Into the Light by Mark Oshiro

Author:Mark Oshiro
Language: eng
Format: epub
Publisher: Tor Publishing Group


* * *

I think it’s almost midnight.

I can’t sleep. Wide awake. I have been trying to avoid tossing and turning on the floor because I don’t want to irritate Carlos. So I stare up at the ceiling. Count the tiles. Try to push away the mounting dread.

Tonight was nice.

It isn’t going to last.

It’s the thought my mind keeps coming back to. Our connection, no matter how significant, will ultimately sever.

I am in over my head. I shouldn’t have initiated this, but it has a momentum of sorts. A mind of its own. One good thing leads to another, doesn’t it? And now, I’ve broken so many of the rules that Cesar taught me, and where has it led me?

Ricardo spoke to me before he went over to his room; gave me his support. Said that he was glad I was in the family’s lives. Said that they’d do everything in their power to reunite me with Elena.

When am I going to believe what people say?
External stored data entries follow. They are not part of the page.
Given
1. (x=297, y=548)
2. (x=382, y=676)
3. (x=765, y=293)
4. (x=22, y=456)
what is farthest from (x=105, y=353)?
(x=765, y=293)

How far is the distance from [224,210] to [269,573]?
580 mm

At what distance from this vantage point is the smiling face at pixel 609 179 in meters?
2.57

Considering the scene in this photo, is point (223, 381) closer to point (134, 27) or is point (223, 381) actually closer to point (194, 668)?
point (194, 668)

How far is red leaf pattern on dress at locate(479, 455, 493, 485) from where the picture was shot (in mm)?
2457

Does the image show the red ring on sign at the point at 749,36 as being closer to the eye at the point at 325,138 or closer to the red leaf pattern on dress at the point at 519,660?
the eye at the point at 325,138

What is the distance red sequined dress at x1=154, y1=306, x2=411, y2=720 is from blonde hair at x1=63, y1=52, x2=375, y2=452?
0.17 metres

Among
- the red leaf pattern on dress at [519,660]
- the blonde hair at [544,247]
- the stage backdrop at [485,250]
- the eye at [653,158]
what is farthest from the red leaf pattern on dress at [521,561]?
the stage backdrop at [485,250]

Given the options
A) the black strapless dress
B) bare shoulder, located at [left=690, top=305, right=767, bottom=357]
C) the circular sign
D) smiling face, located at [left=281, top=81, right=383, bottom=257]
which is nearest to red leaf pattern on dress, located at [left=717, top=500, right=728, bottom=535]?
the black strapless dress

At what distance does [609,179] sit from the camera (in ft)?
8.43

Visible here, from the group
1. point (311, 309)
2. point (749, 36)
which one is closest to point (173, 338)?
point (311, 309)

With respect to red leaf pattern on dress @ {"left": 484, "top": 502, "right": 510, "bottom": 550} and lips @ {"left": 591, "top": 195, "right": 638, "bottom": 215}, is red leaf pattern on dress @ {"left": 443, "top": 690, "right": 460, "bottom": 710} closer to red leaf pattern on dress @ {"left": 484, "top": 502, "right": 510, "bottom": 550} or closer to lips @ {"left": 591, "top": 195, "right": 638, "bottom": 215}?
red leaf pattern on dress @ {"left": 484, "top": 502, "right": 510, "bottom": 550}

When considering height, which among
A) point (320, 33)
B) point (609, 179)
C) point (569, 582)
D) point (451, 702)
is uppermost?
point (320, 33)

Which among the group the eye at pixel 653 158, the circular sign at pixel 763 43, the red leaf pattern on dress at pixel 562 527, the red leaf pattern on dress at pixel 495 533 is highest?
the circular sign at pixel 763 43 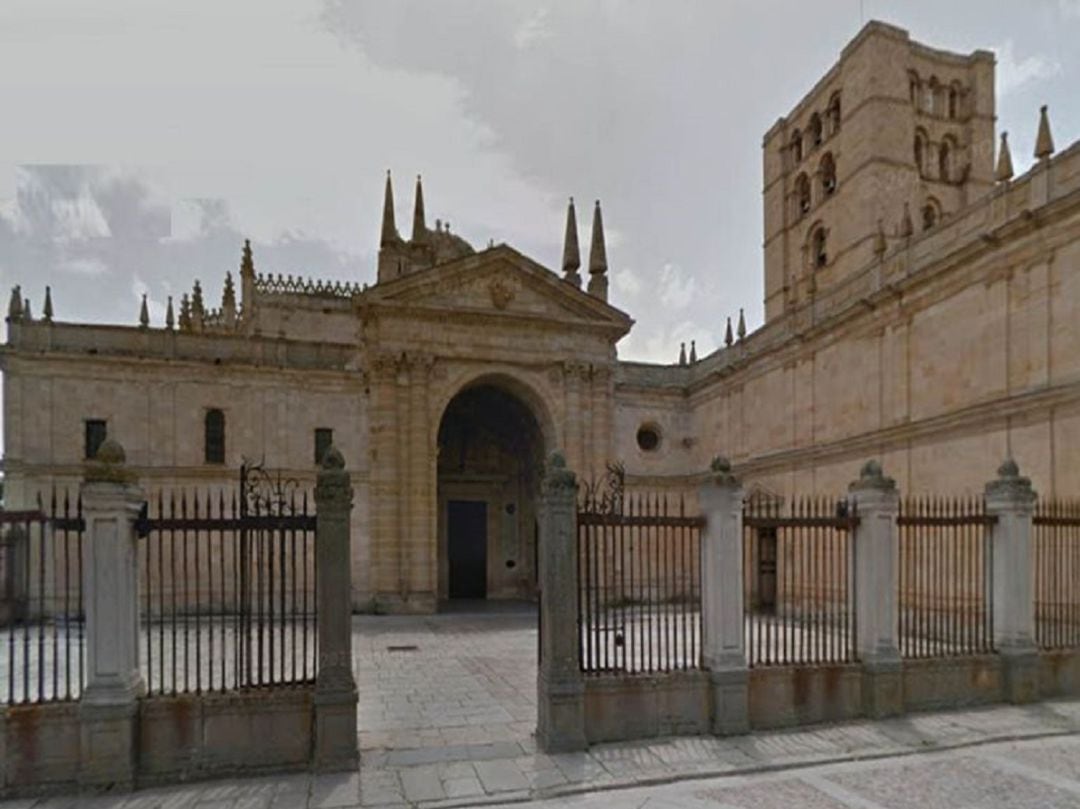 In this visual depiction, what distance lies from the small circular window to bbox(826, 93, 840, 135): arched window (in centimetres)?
1495

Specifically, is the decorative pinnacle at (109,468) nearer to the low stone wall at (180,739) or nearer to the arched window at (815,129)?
the low stone wall at (180,739)

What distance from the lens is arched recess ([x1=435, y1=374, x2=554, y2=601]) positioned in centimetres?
2595

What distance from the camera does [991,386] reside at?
1432 cm

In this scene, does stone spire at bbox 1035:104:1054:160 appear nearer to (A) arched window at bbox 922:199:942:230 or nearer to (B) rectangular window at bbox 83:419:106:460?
(A) arched window at bbox 922:199:942:230

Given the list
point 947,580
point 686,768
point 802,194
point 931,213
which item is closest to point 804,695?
point 686,768

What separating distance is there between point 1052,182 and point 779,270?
20.9 m

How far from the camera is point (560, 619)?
792 cm

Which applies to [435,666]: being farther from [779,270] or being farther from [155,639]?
[779,270]

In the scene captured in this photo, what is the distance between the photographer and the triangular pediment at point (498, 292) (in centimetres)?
2180

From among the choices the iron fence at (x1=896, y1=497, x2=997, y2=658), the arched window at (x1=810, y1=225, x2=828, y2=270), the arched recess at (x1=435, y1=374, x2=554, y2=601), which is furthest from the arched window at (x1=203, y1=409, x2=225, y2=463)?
the arched window at (x1=810, y1=225, x2=828, y2=270)

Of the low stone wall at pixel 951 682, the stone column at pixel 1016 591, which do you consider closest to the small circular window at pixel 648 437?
the stone column at pixel 1016 591

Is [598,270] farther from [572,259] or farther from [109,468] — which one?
[109,468]

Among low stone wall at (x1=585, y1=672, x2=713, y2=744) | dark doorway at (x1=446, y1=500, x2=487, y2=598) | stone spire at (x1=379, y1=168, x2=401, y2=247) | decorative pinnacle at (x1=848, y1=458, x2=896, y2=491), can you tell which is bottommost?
dark doorway at (x1=446, y1=500, x2=487, y2=598)

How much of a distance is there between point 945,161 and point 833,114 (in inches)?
202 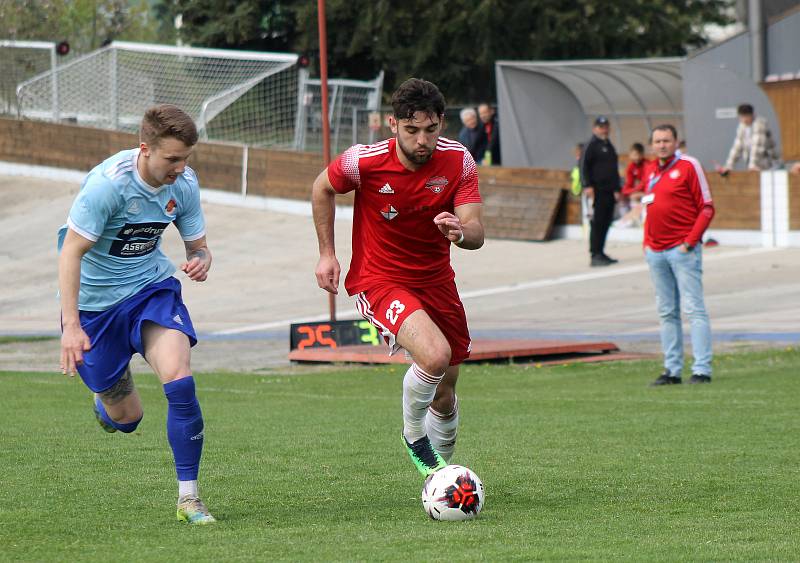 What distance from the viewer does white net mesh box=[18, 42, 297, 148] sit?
3231 centimetres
Because I don’t. Maybe it’s of my own making. No one should believe me. I lie to everyone.

Maybe at the end of the day, the person I really don’t trust is myself.

The mattress squeaks. Carlos rolls over.

His head is above me.

“Sorry,” I whisper. “Did I wake you?”

“No,” he says. “Couldn’t hear you at all.”

Pause.

“Sleep in the bed,” he says. “Please.”

I could argue. Disagree. Tell him a lie about why I don’t want to, how I’m more comfortable on the floor.
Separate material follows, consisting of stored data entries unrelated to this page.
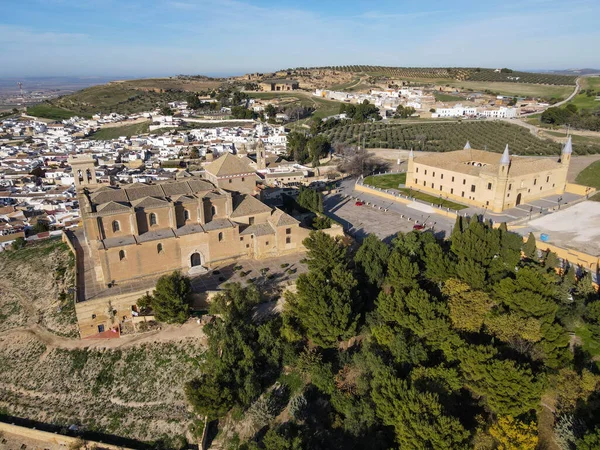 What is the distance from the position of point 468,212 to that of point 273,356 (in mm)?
23159

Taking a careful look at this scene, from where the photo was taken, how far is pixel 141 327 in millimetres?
24484

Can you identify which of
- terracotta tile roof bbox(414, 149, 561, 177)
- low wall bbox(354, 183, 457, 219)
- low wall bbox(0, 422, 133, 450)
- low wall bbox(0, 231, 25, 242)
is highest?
terracotta tile roof bbox(414, 149, 561, 177)

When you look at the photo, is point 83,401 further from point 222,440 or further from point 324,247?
point 324,247

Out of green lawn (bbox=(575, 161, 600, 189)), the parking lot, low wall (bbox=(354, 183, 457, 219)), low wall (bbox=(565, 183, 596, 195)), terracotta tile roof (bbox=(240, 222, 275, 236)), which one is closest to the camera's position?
terracotta tile roof (bbox=(240, 222, 275, 236))

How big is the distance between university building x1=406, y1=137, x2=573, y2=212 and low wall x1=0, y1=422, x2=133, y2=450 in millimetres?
32693

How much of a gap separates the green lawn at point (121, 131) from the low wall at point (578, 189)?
273 feet

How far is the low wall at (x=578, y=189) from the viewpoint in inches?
1580

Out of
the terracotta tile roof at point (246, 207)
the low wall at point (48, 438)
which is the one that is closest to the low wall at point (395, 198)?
the terracotta tile roof at point (246, 207)

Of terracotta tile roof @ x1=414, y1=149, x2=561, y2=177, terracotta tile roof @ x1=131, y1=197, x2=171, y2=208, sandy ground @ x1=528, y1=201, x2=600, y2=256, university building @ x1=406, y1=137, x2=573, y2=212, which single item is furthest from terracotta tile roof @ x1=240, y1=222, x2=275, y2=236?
terracotta tile roof @ x1=414, y1=149, x2=561, y2=177

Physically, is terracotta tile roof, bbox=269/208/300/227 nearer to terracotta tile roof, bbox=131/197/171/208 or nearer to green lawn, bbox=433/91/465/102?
terracotta tile roof, bbox=131/197/171/208

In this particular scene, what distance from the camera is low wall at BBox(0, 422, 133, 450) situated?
2042cm

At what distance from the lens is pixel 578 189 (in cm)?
4091

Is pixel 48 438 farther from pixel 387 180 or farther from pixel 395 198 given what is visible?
pixel 387 180

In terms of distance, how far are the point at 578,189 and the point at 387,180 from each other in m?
18.4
I sit up. Grab the edge of the mattress to leverage myself up. Quietly slip into the bed on the opposite side, then face away from him.

Look at the red alarm clock.

12:02.

“Happy birthday, Carlos,” I whisper.

Silence.

Mattress squeaks.

Then.

A hand. On my right arm. He loops it around to my chest, pulls me. Squeezes.

“Thank you,” he says, his voice deep, soft.

But his hug doesn’t end.

It isn’t a hug.

He holds me close. My body is on fire. Heart thumping. Blood rushing down there. Can’t breathe.

He doesn’t let go for the rest of the night. Just holds me like that.

I think I am imagining it, but it all feels real: the body heat. The sweat. The smell.

I fall asleep in someone’s arms for the first time in my life.